======== INFORMATION PROVIDED ========

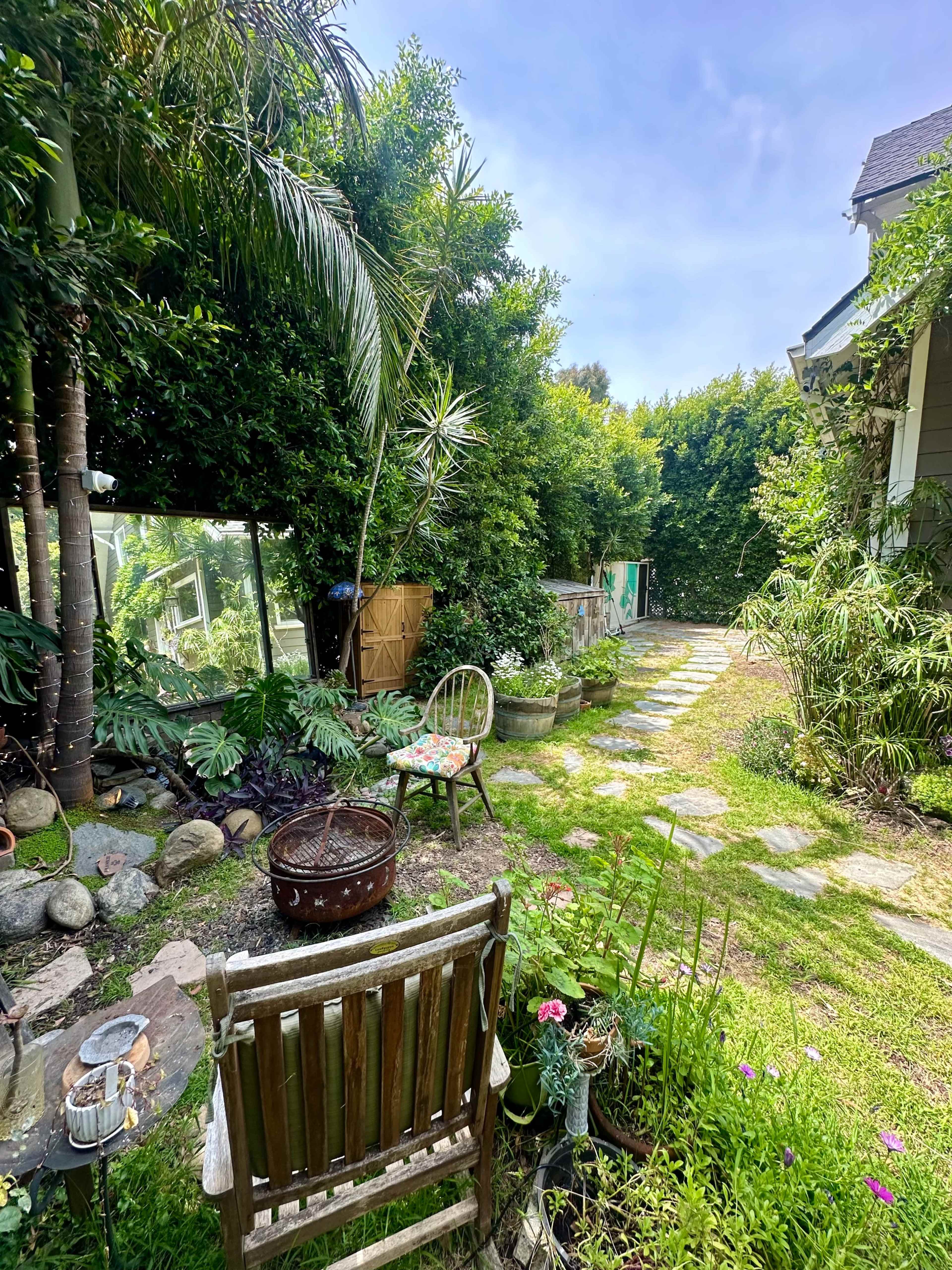 A path lined with stepping stones leads through a garden filled with lush greenery, decorative plants, and a wooden chair.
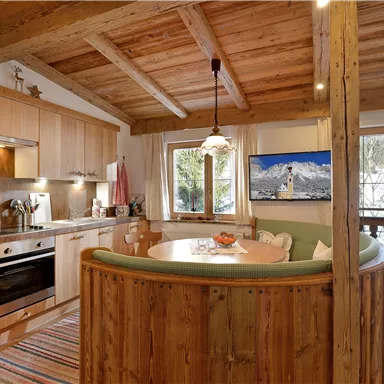 Eine moderne Küche mit Holzelementen und einem gemütlichen Essbereich. Große Fenster bieten Blick auf die Natur.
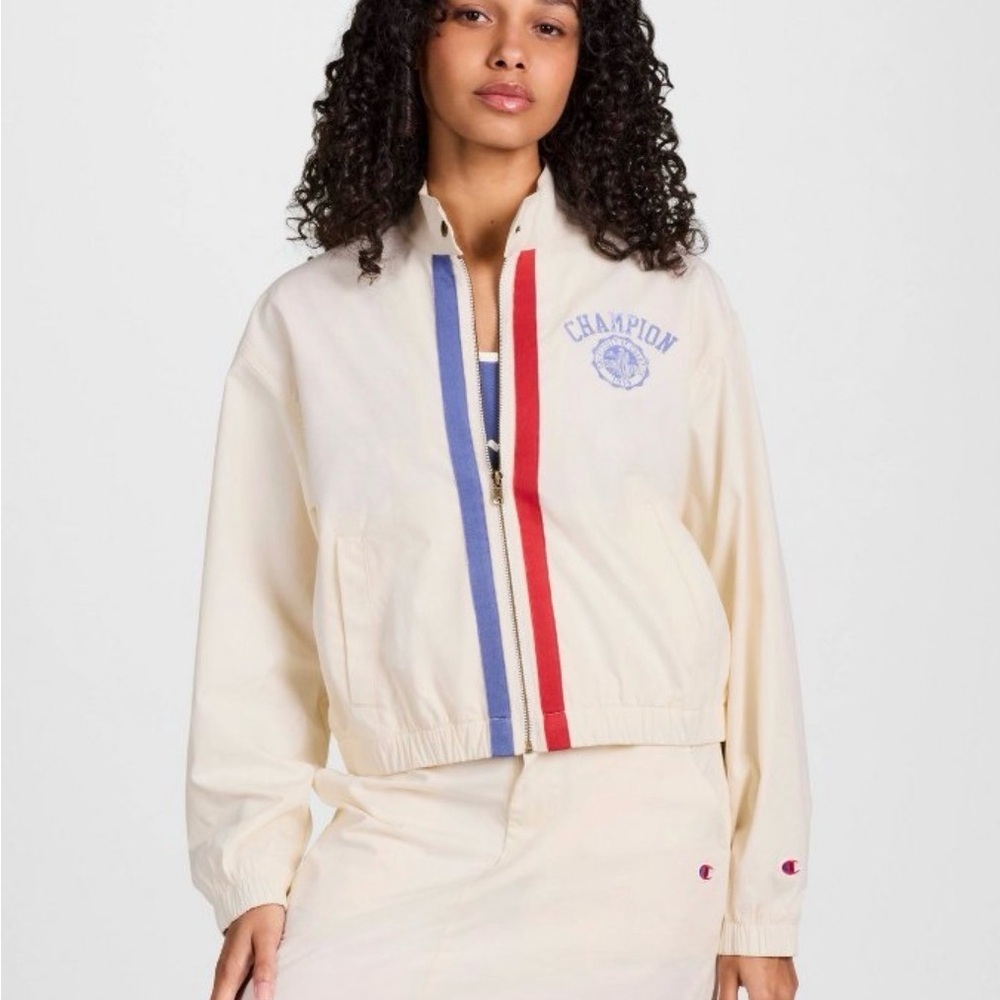 Champion Women's Varsity Jacket in Cream with Red and Blue Accents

========

Transcribe the listing above in full and exactly; no pictures belong in the copy.

 A path lined with stepping stones leads through a garden filled with lush greenery, decorative plants, and a wooden chair.
 Eine moderne Küche mit Holzelementen und einem gemütlichen Essbereich. Große Fenster bieten Blick auf die Natur.
 Champion Women's Varsity Jacket in Cream with Red and Blue Accents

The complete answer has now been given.